Architecture Overview

Neksur is the Data Contract Plane for Apache Iceberg lakehouses: it governs each dataset through a single Data Contract — binding Meaning, Access, and State — and enforces that Contract at several coordinated points in the data path, backed by a tenant-scoped property graph. It places policy at the point of mutation — every commit passes through a write-path gateway that evaluates CEL policies before the upstream catalog sees the request — and at the point of consumption — a read-path SQL proxy that compiles the same Access policy into query traffic — with a detection sweep behind both as a backstop.

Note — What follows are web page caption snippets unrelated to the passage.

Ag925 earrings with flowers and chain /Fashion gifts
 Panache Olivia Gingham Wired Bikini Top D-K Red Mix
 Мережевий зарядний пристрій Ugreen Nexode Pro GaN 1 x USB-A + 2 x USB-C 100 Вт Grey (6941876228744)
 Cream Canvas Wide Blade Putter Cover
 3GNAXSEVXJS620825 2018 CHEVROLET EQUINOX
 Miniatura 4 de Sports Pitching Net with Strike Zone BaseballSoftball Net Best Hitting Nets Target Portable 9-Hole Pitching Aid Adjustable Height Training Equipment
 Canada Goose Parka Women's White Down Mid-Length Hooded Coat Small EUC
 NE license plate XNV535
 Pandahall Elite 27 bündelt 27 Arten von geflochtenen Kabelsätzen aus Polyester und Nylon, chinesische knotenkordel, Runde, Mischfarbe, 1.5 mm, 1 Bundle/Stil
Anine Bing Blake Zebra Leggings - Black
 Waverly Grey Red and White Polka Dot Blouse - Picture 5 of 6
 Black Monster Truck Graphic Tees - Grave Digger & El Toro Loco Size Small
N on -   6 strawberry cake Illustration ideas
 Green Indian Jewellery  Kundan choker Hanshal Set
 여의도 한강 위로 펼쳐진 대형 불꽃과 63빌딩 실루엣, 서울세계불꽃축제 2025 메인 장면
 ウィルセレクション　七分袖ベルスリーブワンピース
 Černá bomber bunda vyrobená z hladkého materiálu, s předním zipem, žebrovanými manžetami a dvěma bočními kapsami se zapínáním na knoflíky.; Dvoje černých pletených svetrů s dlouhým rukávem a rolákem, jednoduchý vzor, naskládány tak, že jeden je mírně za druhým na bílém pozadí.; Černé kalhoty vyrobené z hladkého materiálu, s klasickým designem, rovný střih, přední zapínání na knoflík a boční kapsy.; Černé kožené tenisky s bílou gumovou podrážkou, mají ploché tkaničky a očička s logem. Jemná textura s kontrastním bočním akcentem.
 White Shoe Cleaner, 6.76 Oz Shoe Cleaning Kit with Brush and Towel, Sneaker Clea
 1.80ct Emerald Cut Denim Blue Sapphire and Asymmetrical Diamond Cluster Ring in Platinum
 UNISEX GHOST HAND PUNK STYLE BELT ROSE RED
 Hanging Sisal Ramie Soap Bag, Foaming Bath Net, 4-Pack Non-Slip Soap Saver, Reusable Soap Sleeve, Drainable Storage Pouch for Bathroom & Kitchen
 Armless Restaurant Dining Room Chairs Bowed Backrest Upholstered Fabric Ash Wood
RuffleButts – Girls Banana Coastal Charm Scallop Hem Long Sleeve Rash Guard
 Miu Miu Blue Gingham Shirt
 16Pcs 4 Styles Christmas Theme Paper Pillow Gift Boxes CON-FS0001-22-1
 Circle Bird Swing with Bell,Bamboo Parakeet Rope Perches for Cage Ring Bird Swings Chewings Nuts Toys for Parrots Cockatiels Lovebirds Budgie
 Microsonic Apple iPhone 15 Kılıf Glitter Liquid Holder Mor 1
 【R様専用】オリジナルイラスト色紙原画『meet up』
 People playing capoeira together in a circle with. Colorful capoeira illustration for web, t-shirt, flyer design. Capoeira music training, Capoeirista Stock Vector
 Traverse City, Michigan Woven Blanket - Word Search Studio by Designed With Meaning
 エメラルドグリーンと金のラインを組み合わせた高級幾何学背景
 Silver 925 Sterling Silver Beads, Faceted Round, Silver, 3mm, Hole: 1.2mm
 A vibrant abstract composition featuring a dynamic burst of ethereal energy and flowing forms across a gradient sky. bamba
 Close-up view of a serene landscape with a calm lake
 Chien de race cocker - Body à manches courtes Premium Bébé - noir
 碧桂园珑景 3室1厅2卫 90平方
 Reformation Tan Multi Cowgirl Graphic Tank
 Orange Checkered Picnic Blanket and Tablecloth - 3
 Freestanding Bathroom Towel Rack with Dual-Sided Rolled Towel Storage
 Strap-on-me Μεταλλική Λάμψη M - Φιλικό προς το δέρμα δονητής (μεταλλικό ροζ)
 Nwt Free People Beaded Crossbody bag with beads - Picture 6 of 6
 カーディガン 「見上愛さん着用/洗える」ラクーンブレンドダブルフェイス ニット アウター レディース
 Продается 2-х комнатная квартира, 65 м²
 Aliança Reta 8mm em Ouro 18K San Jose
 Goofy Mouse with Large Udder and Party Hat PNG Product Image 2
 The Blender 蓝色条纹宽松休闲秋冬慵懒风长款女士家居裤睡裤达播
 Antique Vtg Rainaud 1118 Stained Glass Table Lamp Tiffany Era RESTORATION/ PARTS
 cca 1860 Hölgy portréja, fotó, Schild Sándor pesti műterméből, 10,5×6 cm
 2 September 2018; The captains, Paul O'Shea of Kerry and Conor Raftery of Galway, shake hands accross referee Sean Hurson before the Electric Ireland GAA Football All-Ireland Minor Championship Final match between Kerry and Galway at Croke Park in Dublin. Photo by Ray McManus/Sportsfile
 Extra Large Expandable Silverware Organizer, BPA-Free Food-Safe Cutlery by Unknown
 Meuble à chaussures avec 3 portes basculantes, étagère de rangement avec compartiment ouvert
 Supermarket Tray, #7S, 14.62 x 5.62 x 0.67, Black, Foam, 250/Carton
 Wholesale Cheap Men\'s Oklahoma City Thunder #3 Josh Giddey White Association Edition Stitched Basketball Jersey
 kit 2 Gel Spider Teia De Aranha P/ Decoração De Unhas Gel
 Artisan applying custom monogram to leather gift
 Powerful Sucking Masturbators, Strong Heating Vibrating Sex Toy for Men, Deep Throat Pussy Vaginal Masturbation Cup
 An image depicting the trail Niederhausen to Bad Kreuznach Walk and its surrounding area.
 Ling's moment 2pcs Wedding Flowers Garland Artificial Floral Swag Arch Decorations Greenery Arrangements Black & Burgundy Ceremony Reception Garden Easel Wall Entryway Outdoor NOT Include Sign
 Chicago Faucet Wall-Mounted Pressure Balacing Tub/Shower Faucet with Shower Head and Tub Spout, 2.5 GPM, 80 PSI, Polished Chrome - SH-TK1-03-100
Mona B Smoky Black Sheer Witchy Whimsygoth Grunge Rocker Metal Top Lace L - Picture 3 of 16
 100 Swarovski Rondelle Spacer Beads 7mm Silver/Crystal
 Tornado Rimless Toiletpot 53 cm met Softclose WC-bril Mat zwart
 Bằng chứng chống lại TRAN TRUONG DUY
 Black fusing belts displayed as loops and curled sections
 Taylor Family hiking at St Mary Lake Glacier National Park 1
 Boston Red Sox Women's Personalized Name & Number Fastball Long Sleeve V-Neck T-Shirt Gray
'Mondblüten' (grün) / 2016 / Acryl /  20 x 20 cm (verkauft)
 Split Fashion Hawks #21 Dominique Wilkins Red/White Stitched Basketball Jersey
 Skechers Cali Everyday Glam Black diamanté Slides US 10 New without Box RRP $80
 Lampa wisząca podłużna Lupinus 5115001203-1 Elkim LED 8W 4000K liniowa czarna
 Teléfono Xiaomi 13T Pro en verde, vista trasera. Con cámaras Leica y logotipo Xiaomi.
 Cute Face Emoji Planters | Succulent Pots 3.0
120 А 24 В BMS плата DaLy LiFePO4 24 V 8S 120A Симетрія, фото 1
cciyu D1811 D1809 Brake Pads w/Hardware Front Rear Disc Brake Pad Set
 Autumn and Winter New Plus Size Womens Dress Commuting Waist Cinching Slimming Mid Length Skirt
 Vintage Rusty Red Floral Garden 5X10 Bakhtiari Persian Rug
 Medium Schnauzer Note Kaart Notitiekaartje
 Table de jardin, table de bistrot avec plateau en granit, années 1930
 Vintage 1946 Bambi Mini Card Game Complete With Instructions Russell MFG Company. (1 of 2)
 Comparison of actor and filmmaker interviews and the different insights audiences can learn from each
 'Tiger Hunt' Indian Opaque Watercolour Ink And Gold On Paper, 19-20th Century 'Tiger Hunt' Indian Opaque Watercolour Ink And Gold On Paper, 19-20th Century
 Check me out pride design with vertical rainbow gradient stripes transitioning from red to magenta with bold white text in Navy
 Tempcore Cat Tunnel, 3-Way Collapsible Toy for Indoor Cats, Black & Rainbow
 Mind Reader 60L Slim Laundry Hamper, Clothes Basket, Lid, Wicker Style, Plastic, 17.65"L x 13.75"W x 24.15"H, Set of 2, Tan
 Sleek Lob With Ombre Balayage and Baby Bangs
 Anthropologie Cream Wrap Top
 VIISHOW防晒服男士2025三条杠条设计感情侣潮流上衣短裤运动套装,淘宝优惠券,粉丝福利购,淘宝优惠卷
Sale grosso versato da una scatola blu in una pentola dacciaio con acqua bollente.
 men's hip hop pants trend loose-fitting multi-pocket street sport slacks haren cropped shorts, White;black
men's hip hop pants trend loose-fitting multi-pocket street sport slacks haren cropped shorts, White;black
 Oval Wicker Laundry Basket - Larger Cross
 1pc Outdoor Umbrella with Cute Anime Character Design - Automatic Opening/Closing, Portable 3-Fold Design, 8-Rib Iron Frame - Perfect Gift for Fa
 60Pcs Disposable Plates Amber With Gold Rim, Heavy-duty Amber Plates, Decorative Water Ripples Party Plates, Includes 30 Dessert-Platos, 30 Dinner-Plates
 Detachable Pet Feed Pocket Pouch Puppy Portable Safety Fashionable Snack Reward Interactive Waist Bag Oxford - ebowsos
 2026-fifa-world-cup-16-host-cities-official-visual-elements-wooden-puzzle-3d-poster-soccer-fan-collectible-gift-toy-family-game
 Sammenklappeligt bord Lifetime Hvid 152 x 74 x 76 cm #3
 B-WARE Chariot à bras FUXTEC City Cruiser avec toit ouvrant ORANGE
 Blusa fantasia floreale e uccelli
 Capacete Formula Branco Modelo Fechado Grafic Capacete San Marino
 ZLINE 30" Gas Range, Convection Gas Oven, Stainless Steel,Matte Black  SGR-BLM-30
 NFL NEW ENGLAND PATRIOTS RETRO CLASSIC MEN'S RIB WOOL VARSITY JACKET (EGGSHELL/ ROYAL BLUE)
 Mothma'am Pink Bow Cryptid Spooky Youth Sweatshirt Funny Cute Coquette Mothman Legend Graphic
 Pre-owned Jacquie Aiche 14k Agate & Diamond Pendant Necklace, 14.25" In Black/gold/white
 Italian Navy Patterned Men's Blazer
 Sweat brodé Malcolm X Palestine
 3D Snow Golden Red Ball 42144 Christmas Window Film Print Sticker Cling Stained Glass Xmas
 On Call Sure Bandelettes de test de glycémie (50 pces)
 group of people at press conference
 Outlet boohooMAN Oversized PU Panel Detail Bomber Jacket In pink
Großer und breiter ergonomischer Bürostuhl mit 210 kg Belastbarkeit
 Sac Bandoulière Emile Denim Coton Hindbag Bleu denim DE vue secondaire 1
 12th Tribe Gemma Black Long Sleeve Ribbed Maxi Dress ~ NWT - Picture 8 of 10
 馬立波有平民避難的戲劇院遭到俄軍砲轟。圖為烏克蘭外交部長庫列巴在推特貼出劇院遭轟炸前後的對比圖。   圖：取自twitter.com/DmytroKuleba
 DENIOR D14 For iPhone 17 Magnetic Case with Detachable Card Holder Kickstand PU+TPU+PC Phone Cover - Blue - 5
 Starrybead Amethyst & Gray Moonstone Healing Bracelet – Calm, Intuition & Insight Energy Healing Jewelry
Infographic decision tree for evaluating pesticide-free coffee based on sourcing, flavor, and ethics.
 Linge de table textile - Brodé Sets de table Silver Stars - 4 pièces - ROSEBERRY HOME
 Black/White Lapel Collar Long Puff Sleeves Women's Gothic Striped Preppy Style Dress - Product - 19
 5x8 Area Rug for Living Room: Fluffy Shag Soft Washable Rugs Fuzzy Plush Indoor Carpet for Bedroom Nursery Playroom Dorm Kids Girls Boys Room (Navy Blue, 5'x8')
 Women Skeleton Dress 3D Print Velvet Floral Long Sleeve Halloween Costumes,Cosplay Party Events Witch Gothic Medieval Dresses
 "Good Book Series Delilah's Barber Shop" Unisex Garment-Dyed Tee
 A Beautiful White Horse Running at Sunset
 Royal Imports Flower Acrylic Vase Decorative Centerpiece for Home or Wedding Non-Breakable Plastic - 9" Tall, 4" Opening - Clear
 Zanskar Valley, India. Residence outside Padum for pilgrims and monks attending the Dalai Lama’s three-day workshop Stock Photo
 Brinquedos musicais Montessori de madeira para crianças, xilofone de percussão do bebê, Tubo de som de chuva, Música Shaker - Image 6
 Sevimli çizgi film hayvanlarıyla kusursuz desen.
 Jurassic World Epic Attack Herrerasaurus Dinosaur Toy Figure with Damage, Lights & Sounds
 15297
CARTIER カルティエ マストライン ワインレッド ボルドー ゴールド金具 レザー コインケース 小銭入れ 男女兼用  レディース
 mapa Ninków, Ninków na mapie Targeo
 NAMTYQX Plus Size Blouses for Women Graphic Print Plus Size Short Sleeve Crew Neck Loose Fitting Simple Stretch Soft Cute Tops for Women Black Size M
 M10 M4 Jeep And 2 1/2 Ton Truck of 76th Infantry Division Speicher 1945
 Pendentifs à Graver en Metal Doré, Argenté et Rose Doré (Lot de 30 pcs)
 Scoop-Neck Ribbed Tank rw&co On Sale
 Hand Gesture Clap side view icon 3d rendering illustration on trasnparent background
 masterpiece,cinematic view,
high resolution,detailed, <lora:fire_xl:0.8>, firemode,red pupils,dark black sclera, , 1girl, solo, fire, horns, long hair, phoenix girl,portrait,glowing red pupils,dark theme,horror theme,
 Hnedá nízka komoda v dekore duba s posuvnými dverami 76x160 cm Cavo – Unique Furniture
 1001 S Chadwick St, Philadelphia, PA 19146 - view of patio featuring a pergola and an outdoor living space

The enforcement points (catalog gateway, read-path SQL proxy, writer-side Spark transform, credential vending, post-commit detection) are complementary rather than redundant. This document is the operator’s-eye map of the moving parts — read it before installing. The Enforcement model concept page explains why the design is multi-point; this page covers how it is wired.

Heritage note. Earlier revisions of this document described an “L1 / L2 / L3” three-layer model where L2 was a planned read-path proxy. That naming collided with the write-path defense levels in ADR-003 and is no longer used in user-facing material; the read path is now part of Core. This page keeps the detailed L1-gateway and detection sections (they remain accurate) and describes the read path and the other points by name.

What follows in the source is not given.